What the task requires> Each entry needs to be retyped exactly.

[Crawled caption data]
-=-=-

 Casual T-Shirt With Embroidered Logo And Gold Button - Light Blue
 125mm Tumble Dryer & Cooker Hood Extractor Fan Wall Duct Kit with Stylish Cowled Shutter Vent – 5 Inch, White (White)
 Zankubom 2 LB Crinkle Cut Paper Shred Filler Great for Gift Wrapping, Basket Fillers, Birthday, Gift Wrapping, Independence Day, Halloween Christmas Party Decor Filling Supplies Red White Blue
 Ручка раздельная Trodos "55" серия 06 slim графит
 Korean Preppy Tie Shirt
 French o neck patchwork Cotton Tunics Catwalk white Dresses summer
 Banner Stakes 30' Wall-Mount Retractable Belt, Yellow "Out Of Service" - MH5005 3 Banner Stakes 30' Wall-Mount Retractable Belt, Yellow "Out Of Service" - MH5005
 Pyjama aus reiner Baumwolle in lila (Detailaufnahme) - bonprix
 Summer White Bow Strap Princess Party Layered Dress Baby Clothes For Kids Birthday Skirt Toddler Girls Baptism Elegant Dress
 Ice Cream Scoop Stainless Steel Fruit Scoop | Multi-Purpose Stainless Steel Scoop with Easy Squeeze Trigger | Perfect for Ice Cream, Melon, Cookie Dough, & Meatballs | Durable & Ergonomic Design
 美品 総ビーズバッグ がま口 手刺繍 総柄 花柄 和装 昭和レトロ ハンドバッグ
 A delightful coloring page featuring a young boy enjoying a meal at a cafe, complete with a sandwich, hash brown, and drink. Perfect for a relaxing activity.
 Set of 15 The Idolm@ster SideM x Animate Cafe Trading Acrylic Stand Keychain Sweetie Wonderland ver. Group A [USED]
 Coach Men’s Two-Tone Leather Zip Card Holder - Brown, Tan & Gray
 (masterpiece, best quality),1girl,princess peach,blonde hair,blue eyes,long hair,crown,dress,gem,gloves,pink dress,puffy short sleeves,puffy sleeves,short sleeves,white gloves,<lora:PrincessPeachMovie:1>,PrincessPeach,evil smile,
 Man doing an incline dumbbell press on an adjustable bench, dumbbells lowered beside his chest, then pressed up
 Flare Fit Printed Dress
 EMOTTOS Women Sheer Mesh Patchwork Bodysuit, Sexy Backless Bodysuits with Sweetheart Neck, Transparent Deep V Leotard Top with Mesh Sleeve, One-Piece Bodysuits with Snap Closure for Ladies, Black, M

-=-=-

Response below>
 Casual T-Shirt With Embroidered Logo And Gold Button - Light Blue
 125mm Tumble Dryer & Cooker Hood Extractor Fan Wall Duct Kit with Stylish Cowled Shutter Vent – 5 Inch, White (White)
 Zankubom 2 LB Crinkle Cut Paper Shred Filler Great for Gift Wrapping, Basket Fillers, Birthday, Gift Wrapping, Independence Day, Halloween Christmas Party Decor Filling Supplies Red White Blue
 Ручка раздельная Trodos "55" серия 06 slim графит
 Korean Preppy Tie Shirt
 French o neck patchwork Cotton Tunics Catwalk white Dresses summer
 Banner Stakes 30' Wall-Mount Retractable Belt, Yellow "Out Of Service" - MH5005 3 Banner Stakes 30' Wall-Mount Retractable Belt, Yellow "Out Of Service" - MH5005
 Pyjama aus reiner Baumwolle in lila (Detailaufnahme) - bonprix
 Summer White Bow Strap Princess Party Layered Dress Baby Clothes For Kids Birthday Skirt Toddler Girls Baptism Elegant Dress
 Ice Cream Scoop Stainless Steel Fruit Scoop | Multi-Purpose Stainless Steel Scoop with Easy Squeeze Trigger | Perfect for Ice Cream, Melon, Cookie Dough, & Meatballs | Durable & Ergonomic Design
 美品 総ビーズバッグ がま口 手刺繍 総柄 花柄 和装 昭和レトロ ハンドバッグ
 A delightful coloring page featuring a young boy enjoying a meal at a cafe, complete with a sandwich, hash brown, and drink. Perfect for a relaxing activity.
 Set of 15 The Idolm@ster SideM x Animate Cafe Trading Acrylic Stand Keychain Sweetie Wonderland ver. Group A [USED]
 Coach Men’s Two-Tone Leather Zip Card Holder - Brown, Tan & Gray
 (masterpiece, best quality),1girl,princess peach,blonde hair,blue eyes,long hair,crown,dress,gem,gloves,pink dress,puffy short sleeves,puffy sleeves,short sleeves,white gloves,<lora:PrincessPeachMovie:1>,PrincessPeach,evil smile,
 Man doing an incline dumbbell press on an adjustable bench, dumbbells lowered beside his chest, then pressed up
 Flare Fit Printed Dress
 EMOTTOS Women Sheer Mesh Patchwork Bodysuit, Sexy Backless Bodysuits with Sweetheart Neck, Transparent Deep V Leotard Top with Mesh Sleeve, One-Piece Bodysuits with Snap Closure for Ladies, Black, M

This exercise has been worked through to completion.